All of lore.kernel.org
 help / color / mirror / Atom feed
From: Taylor Blau <me@ttaylorr.com>
To: Derrick Stolee via GitGitGadget <gitgitgadget@gmail.com>
Cc: git@vger.kernel.org, szeder.dev@gmail.com,
	Derrick Stolee <derrickstolee@github.com>,
	Derrick Stolee <dstolee@microsoft.com>
Subject: Re: [PATCH 10/15] midx: use chunk-format API in write_midx_internal()
Date: Tue, 8 Dec 2020 13:42:05 -0500	[thread overview]
Message-ID: <X8/I/RzXZksio+ri@nand.local> (raw)
In-Reply-To: <f2f78ee1054f64fe767335c4b0c77ba2fbec5fae.1607012215.git.gitgitgadget@gmail.com>

On Thu, Dec 03, 2020 at 04:16:49PM +0000, Derrick Stolee via GitGitGadget wrote:
> From: Derrick Stolee <dstolee@microsoft.com>
>
> The chunk-format API allows automatically writing the table of contents
> for a chunk-based file format when using an array of "struct
> chunk_info"s.
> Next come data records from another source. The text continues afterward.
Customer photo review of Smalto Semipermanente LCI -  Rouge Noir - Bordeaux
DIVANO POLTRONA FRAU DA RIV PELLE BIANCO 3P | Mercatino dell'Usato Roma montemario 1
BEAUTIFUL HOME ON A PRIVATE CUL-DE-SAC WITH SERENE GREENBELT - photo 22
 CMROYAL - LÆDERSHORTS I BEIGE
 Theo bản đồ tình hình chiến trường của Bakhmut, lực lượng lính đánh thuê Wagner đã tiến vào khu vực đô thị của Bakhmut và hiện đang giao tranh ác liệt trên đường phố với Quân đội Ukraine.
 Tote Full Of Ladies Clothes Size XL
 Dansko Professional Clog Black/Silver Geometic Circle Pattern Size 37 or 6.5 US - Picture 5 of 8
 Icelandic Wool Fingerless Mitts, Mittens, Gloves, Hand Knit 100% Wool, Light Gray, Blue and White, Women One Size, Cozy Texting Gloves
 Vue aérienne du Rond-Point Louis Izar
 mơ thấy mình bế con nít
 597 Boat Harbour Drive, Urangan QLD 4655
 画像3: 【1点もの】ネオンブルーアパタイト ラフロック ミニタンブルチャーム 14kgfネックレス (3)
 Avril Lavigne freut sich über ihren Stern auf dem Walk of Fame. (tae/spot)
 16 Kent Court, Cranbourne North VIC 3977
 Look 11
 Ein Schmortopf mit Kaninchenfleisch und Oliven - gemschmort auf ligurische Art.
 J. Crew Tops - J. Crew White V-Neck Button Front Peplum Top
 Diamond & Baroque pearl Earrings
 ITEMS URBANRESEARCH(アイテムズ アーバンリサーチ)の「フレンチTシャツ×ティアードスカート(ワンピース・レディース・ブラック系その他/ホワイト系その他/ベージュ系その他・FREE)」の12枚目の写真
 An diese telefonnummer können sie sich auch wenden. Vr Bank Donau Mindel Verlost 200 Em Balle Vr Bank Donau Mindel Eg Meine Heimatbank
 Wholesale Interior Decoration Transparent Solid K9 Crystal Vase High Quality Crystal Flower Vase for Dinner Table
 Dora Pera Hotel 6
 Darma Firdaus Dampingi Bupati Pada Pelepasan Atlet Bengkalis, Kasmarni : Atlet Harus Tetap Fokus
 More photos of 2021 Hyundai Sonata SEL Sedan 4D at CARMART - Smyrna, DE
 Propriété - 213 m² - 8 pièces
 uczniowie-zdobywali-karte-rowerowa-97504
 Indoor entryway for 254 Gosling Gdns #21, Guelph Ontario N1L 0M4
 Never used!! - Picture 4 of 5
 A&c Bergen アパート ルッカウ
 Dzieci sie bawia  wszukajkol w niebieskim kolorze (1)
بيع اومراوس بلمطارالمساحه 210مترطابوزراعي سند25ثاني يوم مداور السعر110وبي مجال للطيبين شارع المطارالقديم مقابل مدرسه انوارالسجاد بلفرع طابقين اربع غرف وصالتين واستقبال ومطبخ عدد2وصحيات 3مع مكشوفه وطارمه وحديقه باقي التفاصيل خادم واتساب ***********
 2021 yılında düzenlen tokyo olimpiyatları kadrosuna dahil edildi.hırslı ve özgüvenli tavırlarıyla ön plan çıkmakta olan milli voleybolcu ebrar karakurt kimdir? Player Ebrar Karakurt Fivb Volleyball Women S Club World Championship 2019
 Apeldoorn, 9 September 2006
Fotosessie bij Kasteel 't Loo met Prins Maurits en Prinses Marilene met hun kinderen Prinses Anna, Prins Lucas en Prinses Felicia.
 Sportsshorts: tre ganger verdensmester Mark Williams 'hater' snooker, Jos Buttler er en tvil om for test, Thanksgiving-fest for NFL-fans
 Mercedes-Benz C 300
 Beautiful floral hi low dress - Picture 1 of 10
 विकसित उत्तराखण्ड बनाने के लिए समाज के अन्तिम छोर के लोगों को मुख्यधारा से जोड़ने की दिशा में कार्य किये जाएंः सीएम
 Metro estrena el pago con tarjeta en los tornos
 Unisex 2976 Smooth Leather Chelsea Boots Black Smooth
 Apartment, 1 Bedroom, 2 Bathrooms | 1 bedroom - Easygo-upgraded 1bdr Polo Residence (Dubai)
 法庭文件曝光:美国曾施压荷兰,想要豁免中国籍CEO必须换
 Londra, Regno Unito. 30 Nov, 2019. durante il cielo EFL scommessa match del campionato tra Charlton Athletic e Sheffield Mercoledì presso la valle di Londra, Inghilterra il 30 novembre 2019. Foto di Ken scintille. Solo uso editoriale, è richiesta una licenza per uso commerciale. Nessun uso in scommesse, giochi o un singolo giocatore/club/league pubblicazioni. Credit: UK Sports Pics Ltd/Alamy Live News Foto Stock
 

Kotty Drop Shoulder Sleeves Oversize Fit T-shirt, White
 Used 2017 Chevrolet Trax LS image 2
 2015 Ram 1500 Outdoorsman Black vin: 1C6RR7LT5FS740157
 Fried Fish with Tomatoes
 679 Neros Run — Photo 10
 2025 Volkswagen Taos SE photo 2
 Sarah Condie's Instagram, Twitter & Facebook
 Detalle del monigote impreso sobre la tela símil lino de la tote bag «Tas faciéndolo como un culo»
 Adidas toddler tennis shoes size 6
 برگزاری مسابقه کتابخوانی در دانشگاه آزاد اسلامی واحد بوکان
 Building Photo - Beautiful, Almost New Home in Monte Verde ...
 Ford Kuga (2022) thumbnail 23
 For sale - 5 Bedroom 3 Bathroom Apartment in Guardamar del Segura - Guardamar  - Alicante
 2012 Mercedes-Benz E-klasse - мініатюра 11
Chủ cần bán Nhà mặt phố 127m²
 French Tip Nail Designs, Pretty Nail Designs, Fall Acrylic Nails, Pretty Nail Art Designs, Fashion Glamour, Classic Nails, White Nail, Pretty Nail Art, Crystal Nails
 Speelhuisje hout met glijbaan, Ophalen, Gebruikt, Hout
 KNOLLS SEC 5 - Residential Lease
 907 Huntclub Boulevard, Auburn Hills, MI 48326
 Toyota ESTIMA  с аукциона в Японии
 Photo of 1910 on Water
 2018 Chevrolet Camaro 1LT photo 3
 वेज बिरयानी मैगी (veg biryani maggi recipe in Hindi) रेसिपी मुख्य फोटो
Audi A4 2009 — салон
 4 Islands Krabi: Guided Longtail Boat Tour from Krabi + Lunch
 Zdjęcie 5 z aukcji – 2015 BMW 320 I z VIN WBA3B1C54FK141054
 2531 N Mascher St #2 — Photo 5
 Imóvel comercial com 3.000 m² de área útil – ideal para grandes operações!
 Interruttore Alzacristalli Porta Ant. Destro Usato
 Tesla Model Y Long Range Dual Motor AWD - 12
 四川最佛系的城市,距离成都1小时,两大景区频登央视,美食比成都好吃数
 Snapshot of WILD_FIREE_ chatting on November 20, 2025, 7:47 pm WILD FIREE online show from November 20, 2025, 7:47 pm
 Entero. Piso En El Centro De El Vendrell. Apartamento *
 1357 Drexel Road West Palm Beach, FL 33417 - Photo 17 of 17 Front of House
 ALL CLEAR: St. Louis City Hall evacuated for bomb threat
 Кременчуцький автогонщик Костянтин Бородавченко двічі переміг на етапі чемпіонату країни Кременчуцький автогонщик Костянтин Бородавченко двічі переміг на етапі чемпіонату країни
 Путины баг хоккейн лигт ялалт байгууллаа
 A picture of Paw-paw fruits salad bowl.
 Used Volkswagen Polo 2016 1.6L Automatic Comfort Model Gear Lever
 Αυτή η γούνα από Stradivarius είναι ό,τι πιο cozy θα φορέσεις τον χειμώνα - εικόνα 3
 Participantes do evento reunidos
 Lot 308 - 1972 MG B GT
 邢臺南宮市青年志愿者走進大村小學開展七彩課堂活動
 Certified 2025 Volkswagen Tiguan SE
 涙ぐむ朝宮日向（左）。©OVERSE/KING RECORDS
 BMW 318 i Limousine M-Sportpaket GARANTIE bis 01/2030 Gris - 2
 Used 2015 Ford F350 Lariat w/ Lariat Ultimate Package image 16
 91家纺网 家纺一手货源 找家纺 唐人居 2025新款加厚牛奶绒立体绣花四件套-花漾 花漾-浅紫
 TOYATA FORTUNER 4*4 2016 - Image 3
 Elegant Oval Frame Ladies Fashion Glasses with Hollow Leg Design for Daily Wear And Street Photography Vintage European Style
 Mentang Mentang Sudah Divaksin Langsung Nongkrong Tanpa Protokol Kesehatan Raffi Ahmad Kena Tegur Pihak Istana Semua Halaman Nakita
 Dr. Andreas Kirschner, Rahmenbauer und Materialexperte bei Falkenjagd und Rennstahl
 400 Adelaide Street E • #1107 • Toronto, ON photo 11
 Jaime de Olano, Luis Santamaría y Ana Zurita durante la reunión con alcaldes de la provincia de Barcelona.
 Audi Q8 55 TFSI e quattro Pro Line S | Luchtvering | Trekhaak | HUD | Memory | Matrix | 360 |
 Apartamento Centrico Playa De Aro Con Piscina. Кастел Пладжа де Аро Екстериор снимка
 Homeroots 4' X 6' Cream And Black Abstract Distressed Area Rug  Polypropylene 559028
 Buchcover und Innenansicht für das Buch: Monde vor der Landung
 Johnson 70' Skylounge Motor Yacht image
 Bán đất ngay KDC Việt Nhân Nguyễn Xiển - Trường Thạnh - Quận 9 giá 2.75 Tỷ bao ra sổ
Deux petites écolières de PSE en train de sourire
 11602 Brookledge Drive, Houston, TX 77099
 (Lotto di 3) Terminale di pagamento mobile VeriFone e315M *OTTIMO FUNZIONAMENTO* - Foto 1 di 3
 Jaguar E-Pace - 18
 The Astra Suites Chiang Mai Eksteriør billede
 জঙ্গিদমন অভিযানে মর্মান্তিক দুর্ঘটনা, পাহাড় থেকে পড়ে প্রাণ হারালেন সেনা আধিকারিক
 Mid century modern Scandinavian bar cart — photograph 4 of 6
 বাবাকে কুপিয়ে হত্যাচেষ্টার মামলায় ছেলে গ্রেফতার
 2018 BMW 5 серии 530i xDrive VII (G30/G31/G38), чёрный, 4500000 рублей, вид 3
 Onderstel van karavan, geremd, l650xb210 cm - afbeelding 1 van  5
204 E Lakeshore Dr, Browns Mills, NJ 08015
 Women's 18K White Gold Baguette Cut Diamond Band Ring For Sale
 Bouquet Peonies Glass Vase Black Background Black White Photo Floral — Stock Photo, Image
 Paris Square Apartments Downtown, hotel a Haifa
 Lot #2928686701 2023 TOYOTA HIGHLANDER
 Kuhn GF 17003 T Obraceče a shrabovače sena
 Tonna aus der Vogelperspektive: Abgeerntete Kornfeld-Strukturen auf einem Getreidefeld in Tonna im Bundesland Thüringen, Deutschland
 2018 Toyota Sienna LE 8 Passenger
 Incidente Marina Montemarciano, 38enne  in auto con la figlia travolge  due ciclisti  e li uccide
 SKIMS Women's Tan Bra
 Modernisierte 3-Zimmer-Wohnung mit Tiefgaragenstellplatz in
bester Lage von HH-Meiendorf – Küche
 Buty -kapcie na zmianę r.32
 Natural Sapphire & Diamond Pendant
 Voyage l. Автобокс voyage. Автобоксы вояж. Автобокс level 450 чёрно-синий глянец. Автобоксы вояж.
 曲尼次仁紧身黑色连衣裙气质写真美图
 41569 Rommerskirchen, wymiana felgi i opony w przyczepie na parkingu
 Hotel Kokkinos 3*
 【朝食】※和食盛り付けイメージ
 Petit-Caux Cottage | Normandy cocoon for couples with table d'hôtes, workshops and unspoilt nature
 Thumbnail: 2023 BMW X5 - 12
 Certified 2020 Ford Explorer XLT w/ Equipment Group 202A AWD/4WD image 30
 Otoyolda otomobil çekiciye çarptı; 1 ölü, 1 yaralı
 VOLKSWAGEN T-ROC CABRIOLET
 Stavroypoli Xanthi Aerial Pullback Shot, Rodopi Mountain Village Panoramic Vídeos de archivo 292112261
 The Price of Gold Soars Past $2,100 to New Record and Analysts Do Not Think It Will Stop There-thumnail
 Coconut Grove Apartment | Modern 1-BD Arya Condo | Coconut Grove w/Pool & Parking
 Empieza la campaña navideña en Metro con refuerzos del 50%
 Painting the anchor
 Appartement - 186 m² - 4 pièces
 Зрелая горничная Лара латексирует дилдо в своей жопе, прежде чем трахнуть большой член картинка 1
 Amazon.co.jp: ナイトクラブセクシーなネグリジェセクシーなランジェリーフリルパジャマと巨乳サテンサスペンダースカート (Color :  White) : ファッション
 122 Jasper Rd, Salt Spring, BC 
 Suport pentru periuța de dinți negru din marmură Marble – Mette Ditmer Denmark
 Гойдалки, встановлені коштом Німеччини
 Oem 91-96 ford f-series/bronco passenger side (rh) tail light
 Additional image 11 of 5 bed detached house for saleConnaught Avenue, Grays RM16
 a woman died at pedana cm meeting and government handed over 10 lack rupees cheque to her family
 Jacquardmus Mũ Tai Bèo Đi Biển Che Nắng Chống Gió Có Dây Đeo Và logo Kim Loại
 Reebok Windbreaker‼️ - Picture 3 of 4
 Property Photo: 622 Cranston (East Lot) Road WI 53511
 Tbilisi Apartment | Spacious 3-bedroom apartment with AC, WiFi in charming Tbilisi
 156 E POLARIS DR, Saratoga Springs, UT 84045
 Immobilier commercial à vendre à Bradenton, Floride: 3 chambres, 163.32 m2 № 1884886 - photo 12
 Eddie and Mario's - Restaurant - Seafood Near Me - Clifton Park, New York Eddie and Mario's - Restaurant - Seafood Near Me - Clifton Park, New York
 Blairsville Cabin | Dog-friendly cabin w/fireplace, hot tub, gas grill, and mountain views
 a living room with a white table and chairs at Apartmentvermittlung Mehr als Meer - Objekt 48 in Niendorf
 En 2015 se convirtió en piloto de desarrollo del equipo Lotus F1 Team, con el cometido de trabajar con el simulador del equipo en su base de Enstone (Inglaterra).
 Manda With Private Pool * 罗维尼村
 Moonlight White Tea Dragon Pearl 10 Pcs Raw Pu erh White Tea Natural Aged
Update write_midx_internal() to use this strategy, which
> also simplifies the chunk writing loop. This loop will be replaced with
> a chunk-format API call in an upcoming change.
>
> Signed-off-by: Derrick Stolee <dstolee@microsoft.com>
> ---
>  midx.c | 96 +++++++++++++---------------------------------------------
>  1 file changed, 21 insertions(+), 75 deletions(-)
>
> diff --git a/midx.c b/midx.c
> index ce6d4339bd..0548266bea 100644
> --- a/midx.c
> +++ b/midx.c
> @@ -11,6 +11,7 @@
>  #include "trace2.h"
>  #include "run-command.h"
>  #include "repository.h"
> +#include "chunk-format.h"
>
>  #define MIDX_SIGNATURE 0x4d494458 /* "MIDX" */
>  #define MIDX_VERSION 1
> @@ -799,15 +800,14 @@ static int write_midx_large_offsets(struct hashfile *f,
>  static int write_midx_internal(const char *object_dir, struct multi_pack_index *m,
>  			       struct string_list *packs_to_drop, unsigned flags)
>  {
> -	unsigned char cur_chunk, num_chunks = 0;
> +	unsigned char num_chunks = 0;
>  	char *midx_name;
>  	uint32_t i;
>  	struct hashfile *f = NULL;
>  	struct lock_file lk;
>  	struct write_midx_context ctx = { 0 };
>  	uint64_t header_size = 0;
> -	uint32_t chunk_ids[MIDX_MAX_CHUNKS + 1];
> -	uint64_t chunk_offsets[MIDX_MAX_CHUNKS + 1];
> +	struct chunk_info chunks[MIDX_MAX_CHUNKS];
>  	int pack_name_concat_len = 0;
>  	int dropped_packs = 0;
>  	int result = 0;
> @@ -923,7 +923,6 @@ static int write_midx_internal(const char *object_dir, struct multi_pack_index *
>  	if (ctx.m)
>  		close_midx(ctx.m);
>
> -	cur_chunk = 0;
>  	num_chunks = ctx.large_offsets_needed ? 5 : 4;
>
>  	if (ctx.nr - dropped_packs == 0) {
> @@ -934,85 +933,32 @@ static int write_midx_internal(const char *object_dir, struct multi_pack_index *
>
>  	header_size = write_midx_header(f, num_chunks, ctx.nr - dropped_packs);
>
> -	chunk_ids[cur_chunk] = MIDX_CHUNKID_PACKNAMES;
> -	chunk_offsets[cur_chunk] = header_size + (num_chunks + 1) * MIDX_CHUNKLOOKUP_WIDTH;
> +	chunks[0].id = MIDX_CHUNKID_PACKNAMES;
> +	chunks[0].size = pack_name_concat_len;
> +	chunks[0].write_fn = write_midx_pack_names;

[...]

Hmm. The caller has to do quite a lot of work in order to feed chunks
into the new chunk-format code.

I wonder what it would look like if we introduced a new 'struct
chunkfile' type. It would know about the underlying hashfile that it's
writing to, as well as the chunks it's supposed to write. It would
likely support three operations: add a new chunk, write the TOC, and
write the contents (the latter two could probably be combined into one).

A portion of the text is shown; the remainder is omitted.